We traveled via NYC.  Having had 1/2 hour of sleep last night (we left for the airport at 3:30 a.m.), I fell asleep in the little commuter plane, like being inside a toothpaste tube.  Was awakened by a blaze of light:  sunrise pouring in the plane’s right-side windows.  Looked out the left side and saw the windblown blue-green estuary they call the Gateway, recognized Sandy Hook, NJ on the left and, way up at the narrow end of the funnel, dwarfed by the contours of land and water, a modest, dark, preoccupied little cluster of spars giving off puffs of smoke and the glint of one sunstruck skyscraper:  Manhattan!

What an amazing reintroduction!  Then we disembarked, walked into the airport and smack into a huge sign:  WELCOME TO NEW YORK.  I took it very personally.

(Couldn’t find my camera last night or would be showing instead of telling.)

14 Comments

  1. Ron said,

    Bring rice. Not from New York that is…

  2. wj said,

    Just remember to smile and say thank you. Which is dozo — pronounced dough-zo (the letter “o” is always pronounced the same, like in “zone”).

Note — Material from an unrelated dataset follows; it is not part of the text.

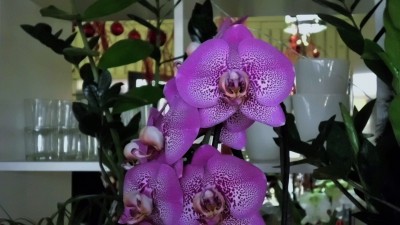 Adventstreffen (10).JPG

    My experience tells me that knowing how to say Thank You gets me further abroad than any other single thing I can do. (Although knowing how to say Hello is not far behind.) Not least because everybody knows that Americans don’t speak anything but English, and meeting one who is at least willing to try gets big points.

  3. amba12 said,

    Great, except “dozo” is please. “Domo arigato gozaimashita,” maybe.

  4. wj said,

    I really must get more sleep! Glad you already knew better.

  5. mockturtle said,

    I know you’re familiar with Japan. I’ve only been there once but loved it. My fractured Japanese served me very well. My only faux pas [how do you get italics on this site, anyway?!] was getting into a company car I mistook for a taxi. ;-) Fascinating country and people. How long will you be there?

  6. wj said,

    If I recall correctly:

    Italics: em (for emphasis, I believe) surrounded by
    Turns off with a /em just as you would expect.

    If you care, you can get bold by using strong and /strong

    Trivia for all occasions — that’s what we can provide.

  7. wj said,

    Ah, now we discover that pointed brackets won’t show up at all. Maybe in quotes…””

  8. Randy said,

    Where in Tokyo are you? (Don’t need to “hope” you’re having a great time because I’m 99.99999% positive you are doing exactly that ;-)

    Aside to wj: I just tried the quote ” ” method and it didn’t work. Maybe this link will prove useful for anyone still interested. ;-) It covers how to set up and end italics. Here’s the link for bold type

  9. karen said,

    I have a friend that i graduated w/that moved there and married a native- they had a birth announcement of their daughter in the local newspaper here. I was beyond charmed that this brilliant guy found happiness and sired such a flower of a child.

    Our graduating class was 28kids- most of us had been together since the 1st grade(in my case- the 2nd grade). I think i’m missing my ~childhood~ lately:0). Nostalgia- is it a good or bad thing, anyway?

  10. mockturtle said,

    Thanks, Randy. I’ll try it: faux pas. Just in case, I’ll also try: faux pas. I like those sites where one can preview a post. One commits fewer ‘faux pas’ that way. :-D

  11. mockturtle said,

    Wow, it worked both ways, using and using . :-)

  12. mockturtle said,

    Uh-oh. Anyway, both ’em’ and ‘i’ worked.

  13. Melinda said,

    Looking forward to continued updates, especially once you find your camera!

  14. Randy said,

    Uh-oh. Anyway, both ‘em’ and ‘i’ worked.